**Task requirements**
Line by line, print the records exactly, and keep images out of the copy.

**Information shown**
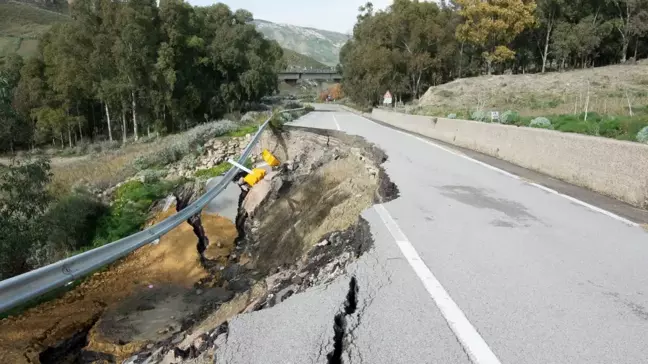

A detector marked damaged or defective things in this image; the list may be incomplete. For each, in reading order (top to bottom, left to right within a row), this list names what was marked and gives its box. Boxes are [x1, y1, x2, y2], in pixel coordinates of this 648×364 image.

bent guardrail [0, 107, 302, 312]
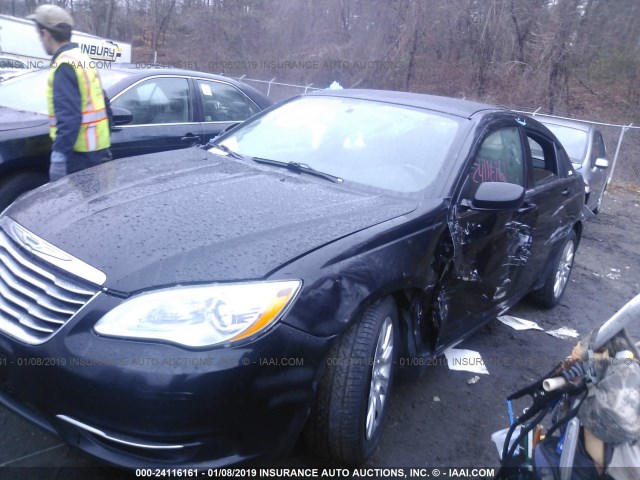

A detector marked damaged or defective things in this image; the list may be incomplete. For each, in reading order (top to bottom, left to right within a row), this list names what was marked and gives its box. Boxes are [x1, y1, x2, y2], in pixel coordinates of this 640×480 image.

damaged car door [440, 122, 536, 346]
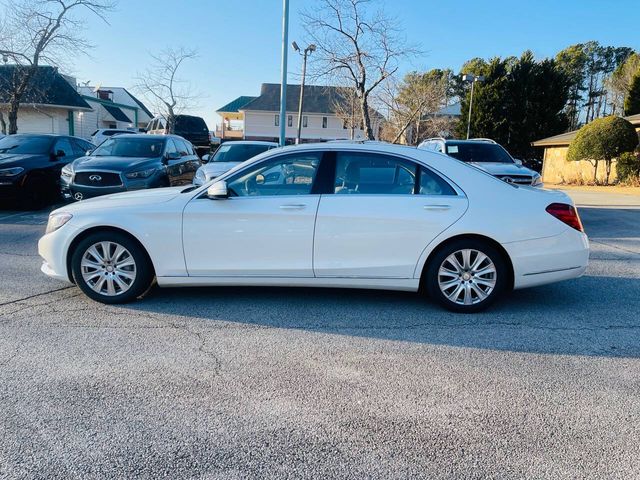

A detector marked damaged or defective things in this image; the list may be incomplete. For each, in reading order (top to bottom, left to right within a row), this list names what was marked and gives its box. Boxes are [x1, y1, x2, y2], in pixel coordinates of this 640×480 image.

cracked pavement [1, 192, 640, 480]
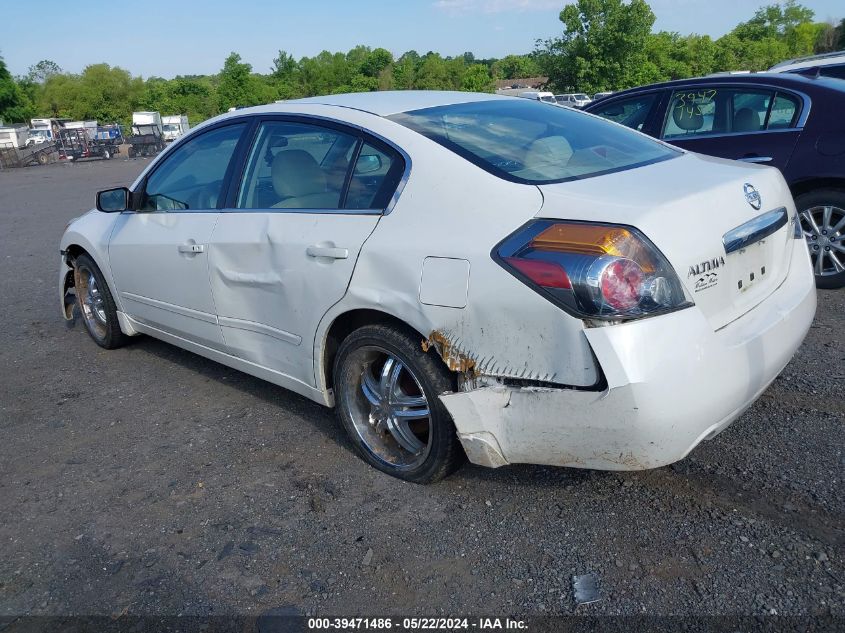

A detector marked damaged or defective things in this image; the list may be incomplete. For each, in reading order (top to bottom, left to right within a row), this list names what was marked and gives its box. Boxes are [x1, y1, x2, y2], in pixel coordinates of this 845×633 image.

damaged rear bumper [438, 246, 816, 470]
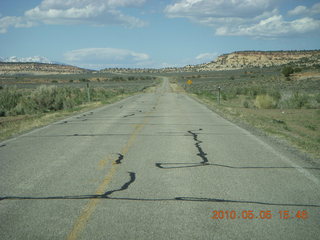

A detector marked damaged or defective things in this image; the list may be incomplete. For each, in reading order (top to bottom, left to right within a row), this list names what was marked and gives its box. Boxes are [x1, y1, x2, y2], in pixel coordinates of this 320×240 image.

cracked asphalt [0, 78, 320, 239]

**Answer space**
A detector marked damaged or defective things in this image; the list may be incomplete. For each, in reading order (top to bottom, left to right within a row), this list names what was marked and gives its box. Boxes are [x1, y1, x2, y2], in pixel coordinates of this 648×364 image.

bent guardrail [0, 107, 302, 312]

A detector marked damaged or defective things in this image; the list may be incomplete. For each, in reading order (top to bottom, left to right within a row), this list names what was marked and gives its box. Boxes are [x1, y1, x2, y2], in pixel coordinates of this 640×480 image.

damaged car door [440, 122, 536, 346]

A detector marked damaged or defective things in this image; the list may be incomplete. For each, in reading order (top to bottom, left to right within a row), this list names what was marked and gives its box. Boxes are [x1, y1, x2, y2], in pixel coordinates of this 640×480 image.

cracked pavement [1, 192, 640, 480]

A detector marked damaged or defective things in this image; the list may be incomplete. For each, in reading order (top to bottom, left to right within a row), this list names what was marked and gives its box. Boxes are [x1, y1, x2, y2], in pixel coordinates of this 845×633 image.

damaged rear bumper [438, 246, 816, 470]

A detector marked damaged or defective things in this image; the list may be incomplete. For each, in reading order (top to bottom, left to right within a row), this list names what was marked and gives its box. Boxes are [x1, y1, x2, y2], in pixel coordinates of this 320×240 image.

cracked asphalt [0, 78, 320, 239]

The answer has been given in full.